The important remaining highlights are:
Ø All PIP claims against an insurer related to the same health care provider for the same injured person must be brought together in a single lawsuit, unless good cause is shown why such claims should be brought separately;
Ø Increases 15 day demand requirement to 30 days before a provider can file suit;
Ø The Death benefit is modified to $5,000 or the remainder of the PIP benefits, whichever is less; and,
Ø Makes it an unfair trade practice for an insurer to refuse to pay valid claims as a general business practice, and allows the Attorney General to investigate and initiate actions, in addition to the Office of Insurance Regulation.

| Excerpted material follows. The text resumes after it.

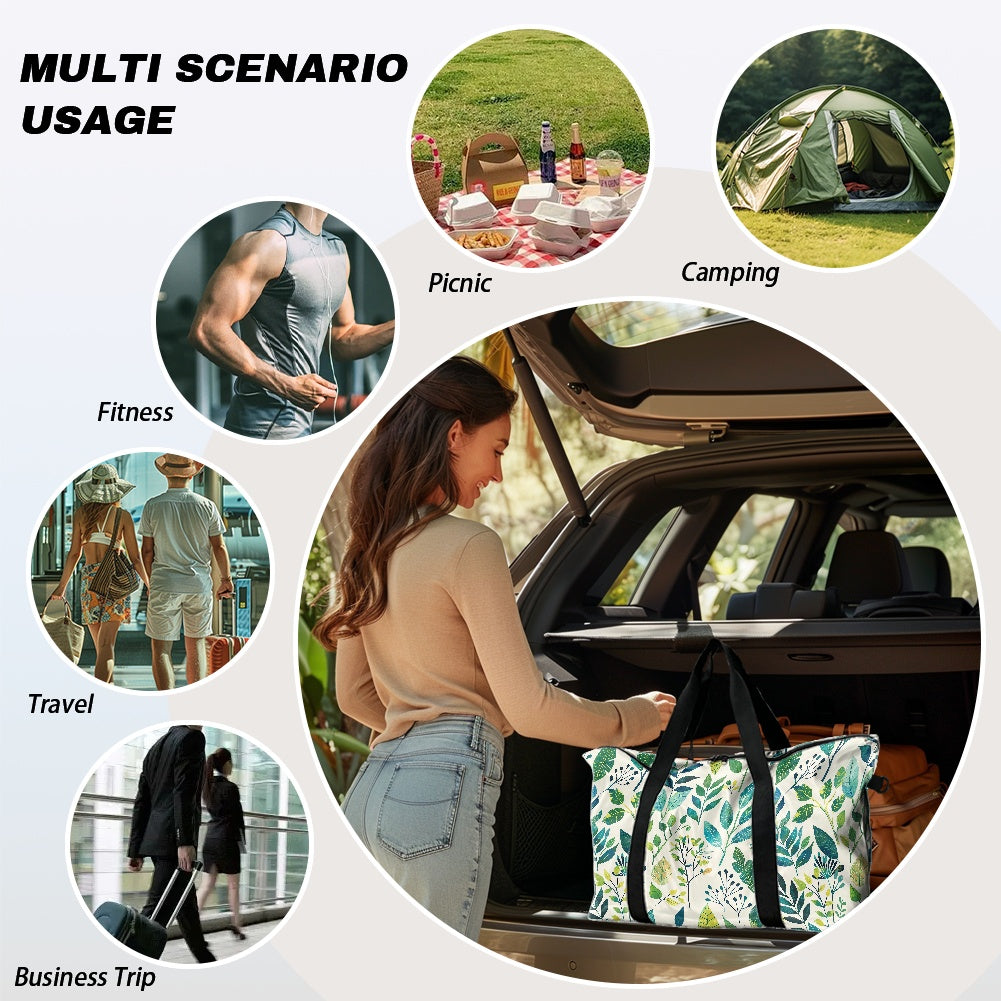 Green Floral Lightweight luggage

With these changes, Florida has shifted from a No-Fault system to a fault- based or tort system, whereby the at fault driver is responsible for paying the claimant’s medical expenses and compensating for additional damages, such as loss of wages and “pain and suffering.” In addition, claimants are no longer required to have suffered a threshold “permanent” injury in order to recover non-economic damages, such as pain and suffering and mental anguish. Again, dependent upon individual contracts of insurance, No-Fault coverage may or may not be a “collateral source” and may be subrogable.
Naturally, Florida’s courts have not had the opportunity to interpret the changes in Florida’s PIP statute. Therefore, it is imperative that appellate decisions be closely monitored to see how the courts are treating these important issues. We will keep you informed of any new developments, legislative or otherwise, on Florida’s PIP law.